Embodiments of the invention are at least applicable to pressure
control during under-balanced drilling operations, at-balance
drilling operations, over-balance drilling operations or completion
operations.
It will be understood that the invention is enabled with only one
injection fluid pressure sensor, but that a plurality of injection
fluid pressure sensors can be utilized, if so desired, for instance
positioned in mutually different locations.
It is remarked that WO 02/084067 describes a drilling well
configuration wherein the drilling fluid gap is formed by an inner
well bore annulus, and an injection fluid supply passage is
provided in the form of a second, outer annulus, for bringing the
injection fluid from the surface level to a desired injection
depth. Fluid is injected into the inner annulus for dynamically
controlling bottom hole circulation pressure in the well bore
wherein a high injection rate of a light fluid results in a low
bottom hole pressure.
In contrast, the present patent application utilizes back pressure
means for controlling the bottom hole pressure, whereby the
injection fluid injection pressure is utilized for controlling the
back pressure means. It has been found that, by controlling back
pressure means in response of the injection fluid injection
pressure, the down hole pressure is more accurately controllable
and more stable than by controlling the down hole pressure by
directly regulating the injection fluid injection rate.
Nevertheless, the injection fluid injection rate may be controlled
in concert with controlling the back pressure means. This is of
particular advantage when starting or stopping circulation in order
to avoid the injection fluid injection rate being maintained at
unrealistic values.
In order to facilitate the accuracy of bottom hole pressure
determination, the injection fluid is preferably injected as close
as possible to the bottom of the bore hole.

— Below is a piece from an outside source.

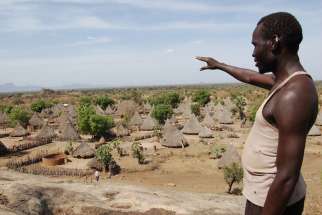 A man points at a village in rural South Sudan before the civil war. Most of the villages have been destroyed in the war. 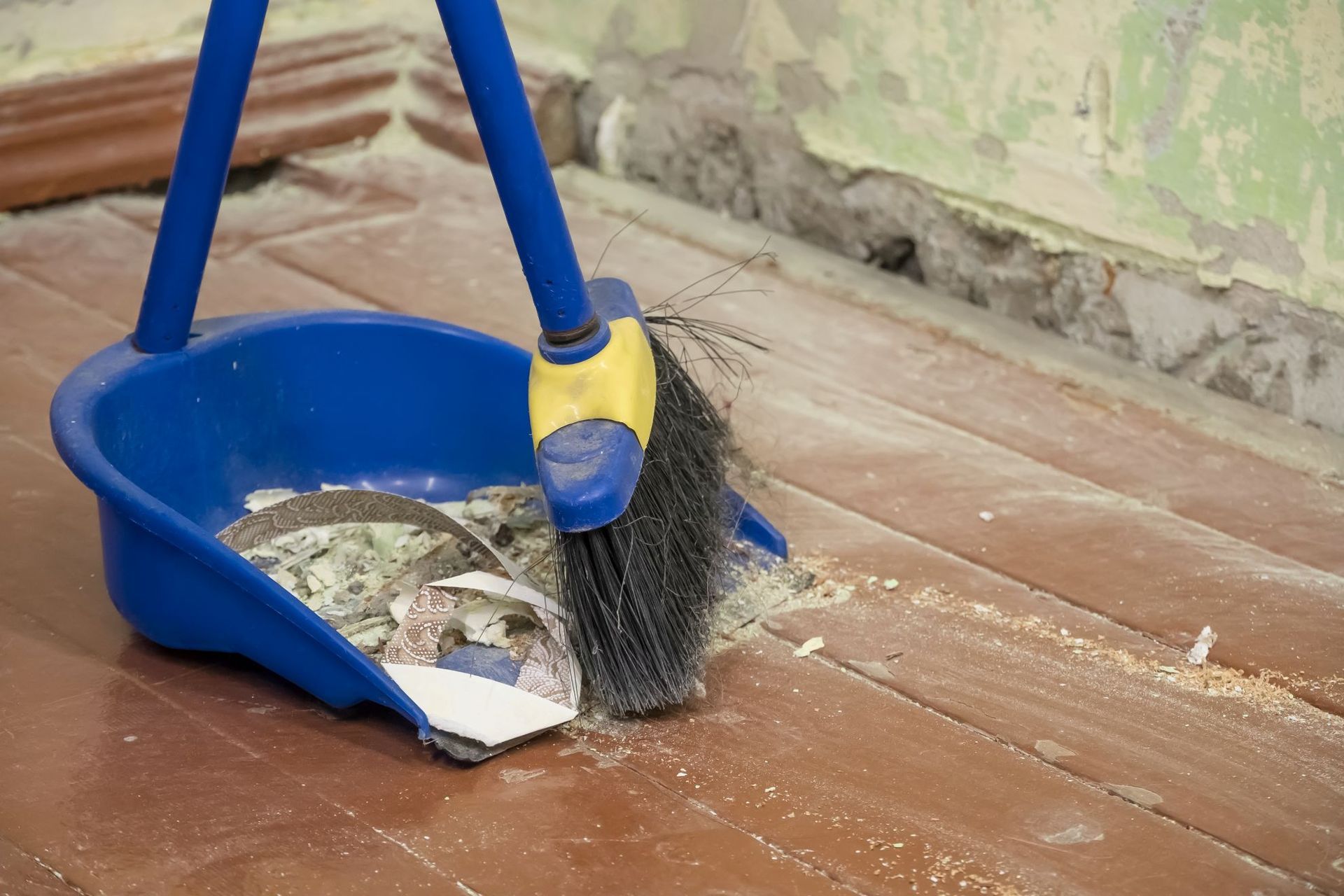 Blue dustpan and broom sweeping debris on a dusty floor near a wall.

The injection fluid supply passage is preferably led to or close to
the surface level from where the drill string reaches into the bore
hole, thereby providing an opportunity to generate the pressure
signal at surface or close to the surface. This is more convenient,
and in particular allows for faster monitoring of the pressure
signal, than when the pressure signal would be generated at great
depth below the surface level.
The injection fluid can be a liquid or a gas. Preferably, the
injection fluid injection system is arranged to inject an injection
fluid having a mass density lower than that of the drilling fluid.
By injecting a lower density injection fluid, the hydrostatic
component to the down hole pressure is reduced. This allows for a
higher dynamic range of control for the back pressure means.
However, the injection fluid is preferably provided in the form of
a gas, particularly an inert gas such as for example nitrogen gas
(N2). The dynamic pressure loss of the gas in the injection fluid
supply passage can optionally be taken into account, but its
contribution to the pressure signal is expected to be low compared
to the weight of the gas column. Thus, the gas pressure compensated
for the weight of the gas column may for practical purposes be
assumed to be almost equal to the drilling fluid pressure in the
drilling fluid gap at the injection depth.
In the embodiments shown and/or described above, the injection
fluid supply passage is provided in the form of an outer annulus.
The injection fluid supply passage may also be provided in a
different form, for instance via a drill pipe gas injection system.
This option is particularly advantageous when an outer annulus is
no available for fluid injection. But more importantly, this option
allows for the injection fluid injection point 144 to be located
very close to the bottom of the hole so that the injection fluid
pressure in the injection fluid supply passage gives an accurate
parameter as a starting point for establishing an accurate value
for the bottom hole pressure. Nevertheless, an electro-magnetic MWD
sensor suite may be employed for pressure readout to be used in the
same manner as described above to calibrate a hydraulics model.